EEOC Announces Shift in Combatting Employment Discrimination
The U.S. Equal Employment Opportunity Commission (EEOC) is focusing on combating national origin discrimination against American workers. This includes addressing unlawful employer preferences for non-American workers, such as exploiting wage differences or assuming foreign workers are more compliant or productive. Under Title VII of the Civil Rights Act, national origin discrimination is illegal, regardless of citizenship or immigration status. The EEOC plans to collaborate with other federal agencies to address these issues. Employers should review hiring practices, train managers, and evaluate policies to ensure compliance and foster inclusivity. Click here to learn more about this legal update.
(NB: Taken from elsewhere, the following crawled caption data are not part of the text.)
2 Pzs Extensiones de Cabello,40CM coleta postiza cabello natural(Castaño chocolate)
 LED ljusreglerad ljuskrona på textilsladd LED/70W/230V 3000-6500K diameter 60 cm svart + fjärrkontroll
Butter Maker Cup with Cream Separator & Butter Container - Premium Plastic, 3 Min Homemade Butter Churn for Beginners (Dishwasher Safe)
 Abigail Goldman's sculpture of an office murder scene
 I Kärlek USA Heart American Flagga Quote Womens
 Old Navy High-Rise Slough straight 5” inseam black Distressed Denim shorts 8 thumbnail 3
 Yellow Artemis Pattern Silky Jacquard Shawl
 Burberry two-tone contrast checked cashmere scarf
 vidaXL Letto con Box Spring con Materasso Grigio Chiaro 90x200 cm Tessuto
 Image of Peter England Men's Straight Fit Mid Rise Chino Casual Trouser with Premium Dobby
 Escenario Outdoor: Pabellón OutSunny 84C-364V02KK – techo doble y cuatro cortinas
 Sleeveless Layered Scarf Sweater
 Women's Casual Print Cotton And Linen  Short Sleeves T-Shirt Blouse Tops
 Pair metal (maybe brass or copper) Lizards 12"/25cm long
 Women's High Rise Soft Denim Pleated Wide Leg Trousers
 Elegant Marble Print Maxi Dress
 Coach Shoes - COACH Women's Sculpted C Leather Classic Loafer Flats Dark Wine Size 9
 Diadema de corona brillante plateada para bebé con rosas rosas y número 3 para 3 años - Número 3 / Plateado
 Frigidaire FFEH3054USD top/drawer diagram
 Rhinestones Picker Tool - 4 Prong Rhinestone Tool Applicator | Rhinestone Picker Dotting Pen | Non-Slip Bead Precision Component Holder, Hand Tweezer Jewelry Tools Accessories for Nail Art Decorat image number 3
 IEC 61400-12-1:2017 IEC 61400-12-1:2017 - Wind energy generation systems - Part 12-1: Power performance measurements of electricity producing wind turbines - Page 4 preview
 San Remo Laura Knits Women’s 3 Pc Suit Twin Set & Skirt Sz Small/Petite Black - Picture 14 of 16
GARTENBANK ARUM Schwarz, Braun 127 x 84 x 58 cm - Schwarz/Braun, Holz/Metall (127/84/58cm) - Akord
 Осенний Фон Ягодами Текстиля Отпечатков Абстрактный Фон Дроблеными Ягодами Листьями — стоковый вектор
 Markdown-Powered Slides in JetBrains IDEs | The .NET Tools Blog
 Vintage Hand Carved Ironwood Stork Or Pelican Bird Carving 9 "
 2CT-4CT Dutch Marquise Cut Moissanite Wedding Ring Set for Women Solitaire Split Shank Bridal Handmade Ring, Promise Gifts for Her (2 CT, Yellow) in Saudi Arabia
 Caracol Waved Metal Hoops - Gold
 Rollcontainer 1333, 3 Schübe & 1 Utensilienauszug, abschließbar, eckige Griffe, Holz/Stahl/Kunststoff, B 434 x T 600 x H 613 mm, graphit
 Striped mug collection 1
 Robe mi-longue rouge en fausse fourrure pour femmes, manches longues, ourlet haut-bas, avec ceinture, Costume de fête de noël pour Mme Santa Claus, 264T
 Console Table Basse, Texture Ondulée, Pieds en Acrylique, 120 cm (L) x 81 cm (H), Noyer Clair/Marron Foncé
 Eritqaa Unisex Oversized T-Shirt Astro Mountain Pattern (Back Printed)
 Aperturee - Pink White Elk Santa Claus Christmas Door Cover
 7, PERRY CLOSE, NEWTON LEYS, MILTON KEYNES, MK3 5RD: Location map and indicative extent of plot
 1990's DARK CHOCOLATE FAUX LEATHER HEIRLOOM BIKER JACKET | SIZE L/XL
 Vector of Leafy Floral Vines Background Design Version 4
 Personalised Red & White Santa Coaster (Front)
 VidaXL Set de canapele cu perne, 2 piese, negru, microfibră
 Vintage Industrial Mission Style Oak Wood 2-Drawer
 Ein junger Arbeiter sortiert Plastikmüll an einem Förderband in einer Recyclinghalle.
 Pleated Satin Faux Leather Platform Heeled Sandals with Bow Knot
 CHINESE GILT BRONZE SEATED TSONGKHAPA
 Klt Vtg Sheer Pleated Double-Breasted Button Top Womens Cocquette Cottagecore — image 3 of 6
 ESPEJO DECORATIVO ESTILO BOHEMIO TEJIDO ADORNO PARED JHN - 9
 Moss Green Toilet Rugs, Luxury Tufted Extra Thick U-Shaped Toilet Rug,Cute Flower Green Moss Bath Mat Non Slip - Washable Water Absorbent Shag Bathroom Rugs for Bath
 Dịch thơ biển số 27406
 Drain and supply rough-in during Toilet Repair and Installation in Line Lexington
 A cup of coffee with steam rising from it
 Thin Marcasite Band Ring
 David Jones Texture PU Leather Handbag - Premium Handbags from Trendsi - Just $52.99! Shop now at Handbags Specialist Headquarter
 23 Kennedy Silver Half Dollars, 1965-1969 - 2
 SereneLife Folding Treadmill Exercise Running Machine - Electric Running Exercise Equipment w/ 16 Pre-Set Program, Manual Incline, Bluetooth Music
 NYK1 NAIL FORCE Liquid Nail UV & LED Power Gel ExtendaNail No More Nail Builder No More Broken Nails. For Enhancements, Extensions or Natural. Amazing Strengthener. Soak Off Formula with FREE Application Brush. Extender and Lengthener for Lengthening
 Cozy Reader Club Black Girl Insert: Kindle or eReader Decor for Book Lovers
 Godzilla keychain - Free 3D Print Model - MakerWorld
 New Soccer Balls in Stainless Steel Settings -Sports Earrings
How to Prepare for U.S. Immigration and Customs Enforcement (“ICE”) Actions
With increased attention to immigration enforcement, it’s essential for employers to proactively establish protocols that both ensure compliance and protect the rights of employees. Here are key steps organizations can take:
- Establish Clear Protocols: Develop clear procedures for responding to ICE visits, designate trained contacts, and clarify workplace areas where ICE has access based on warrant types.
- Provide Employee Education: Train frontline employees, like receptionists or security, to professionally handle ICE interactions while protecting legal rights. Ensure they know how to escalate to the appropriate contacts promptly.
- Conduct Internal Document Audits: Regularly review and organize I-9 forms and immigration documents to ensure compliance and prepare for ICE inspections.
- Review and Strengthen Immigration Policies: Update internal immigration policies to ensure compliance and minimize legal or financial risks from employing undocumented workers.
- Plan for Enforcement Scenarios: Create contingency plans to handle ICE actions, including communication, legal strategies, and employee support.
- Support Employee Well-Being: ICE visits can create workplace anxiety. Offering mental health resources, legal support, and clear communication channels helps maintain morale and support employees with concerns about their rights.
WASHINGTON UPDATES
WA Supreme Court: Restrictions on Low-Wage Workers Working for Competitors
On January 23, 2025, the Washington Supreme Court ruled in David v. Freedom Vans LLC that employers cannot broadly restrict low-wage employees from working for competitors during their employment. The case involved two employees earning below twice the state minimum wage, who challenged agreements barring them from outside work. The Court found these restrictions violated Washington’s noncompete law, which protects lower-wage workers. Employers should review agreements and policies to ensure compliance with wage threshold regulations, and consult legal counsel if needed.
Washington’s First My Health My Data (MHMD) complaint
A class action lawsuit was filed on February 10, 2025, against an online retailer under Washington’s My Health My Data (MHMD) Act—the first case under this law. The lawsuit alleges the retailer’s advertising division collected and sold consumer location data via an SDK in mobile apps without proper consent. This data, including geolocation and advertising IDs, could reveal sensitive health-related information. The MHMD Act requires clear, written consent for collecting or sharing such data, with enforcement by individuals or the Washington Attorney General. Businesses should review data practices to ensure compliance.